Items from a dataset
▬▬▬

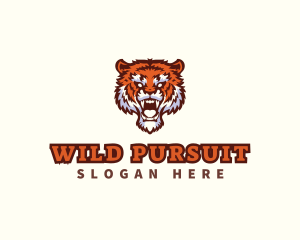 Wild Tiger Animal logo design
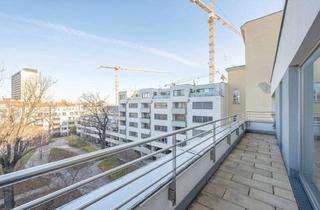 Wohnung mieten in Mariannengasse, 1090 Wien, ++Provisionsfrei++ RARITÄT! BESTLAGE des 09. Bezirks, 2-Zimmer Neubauwohnung mit toller Terrasse! PARKBLICK im 5. OG!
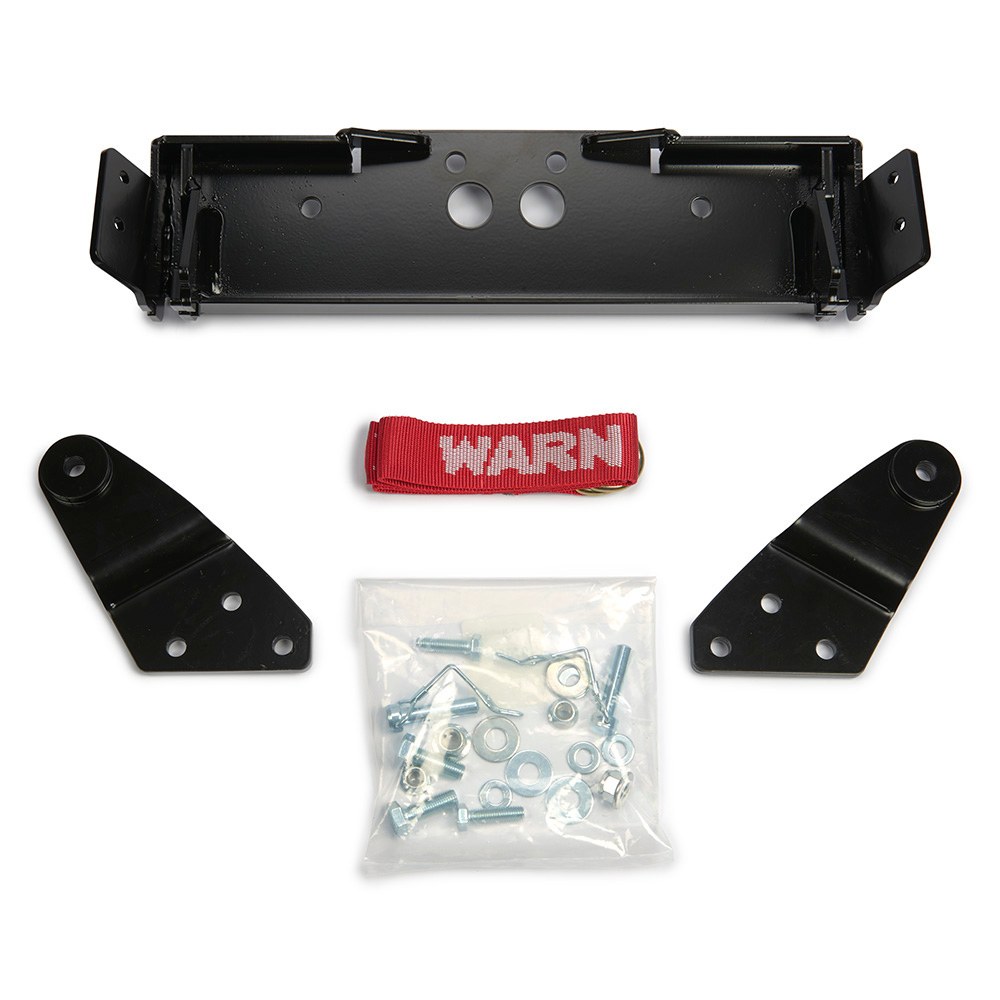 WARN Industries Snow Plow Mount, Provantage ™, Front Kit, Black – 97084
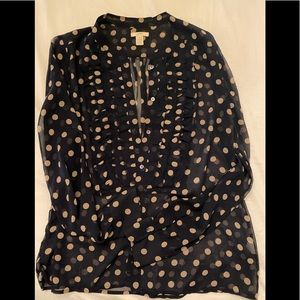 JCrew silk blouse
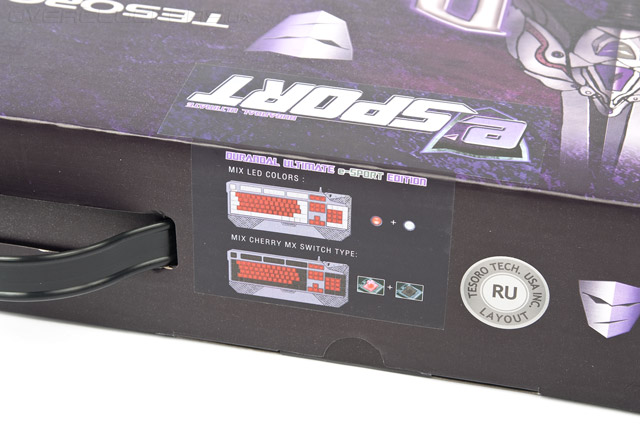 Tesoro Durandal G1NL eSport Edition Tesoro Durandal G1NL eSport Edition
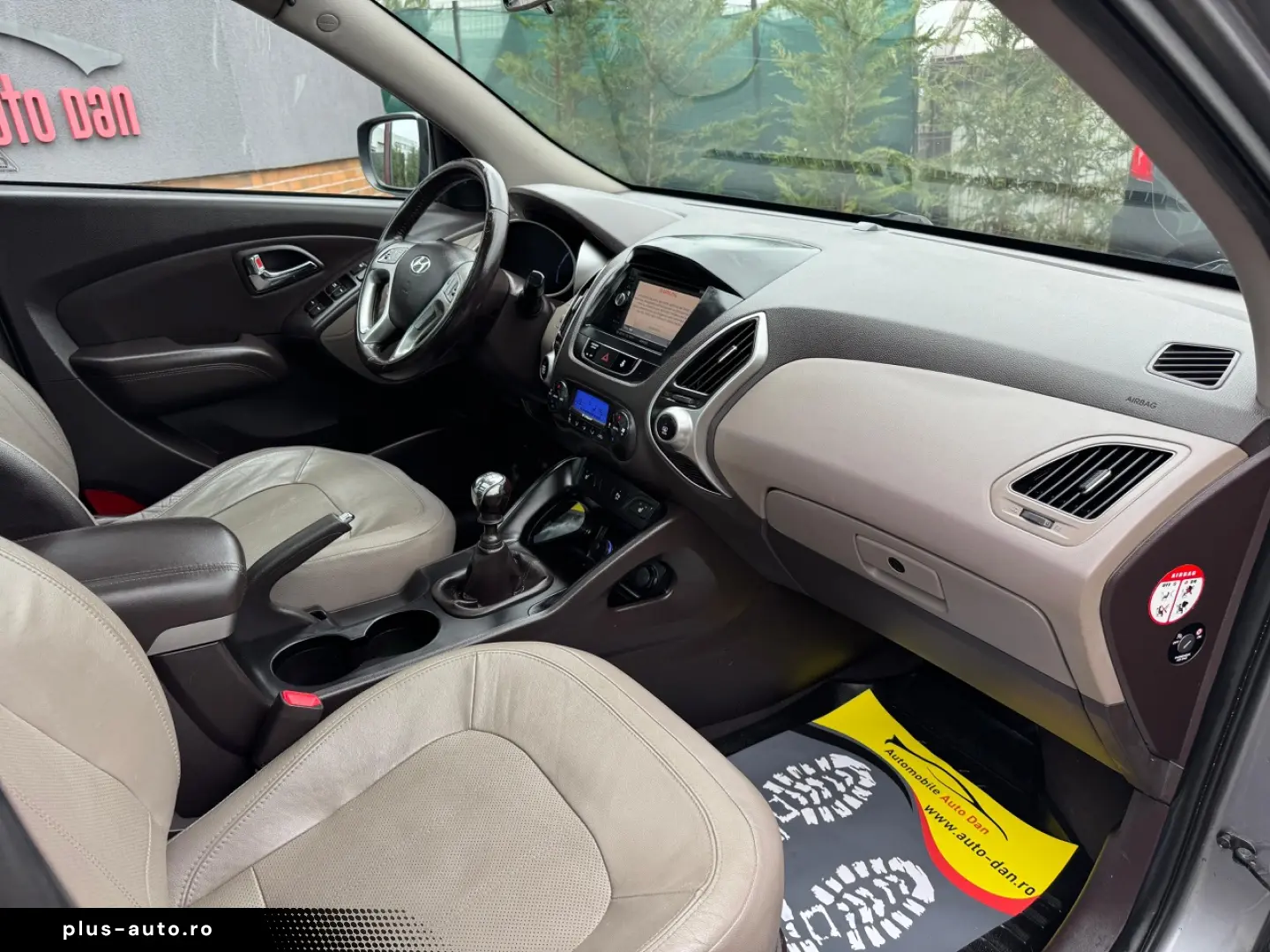 Hyundai iX35 Diesel 2.0 2012 Manuala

▬▬▬

→ ABOUT THIS EXERCISE: When you reach the line containing "Tesoro Durandal G1NL eSport Edition Tesoro" in the entries above, please retype it and each line after it through the last one, exactly, without the pictures.

→ ANSWER BOX:
 Tesoro Durandal G1NL eSport Edition Tesoro Durandal G1NL eSport Edition
 Hyundai iX35 Diesel 2.0 2012 Manuala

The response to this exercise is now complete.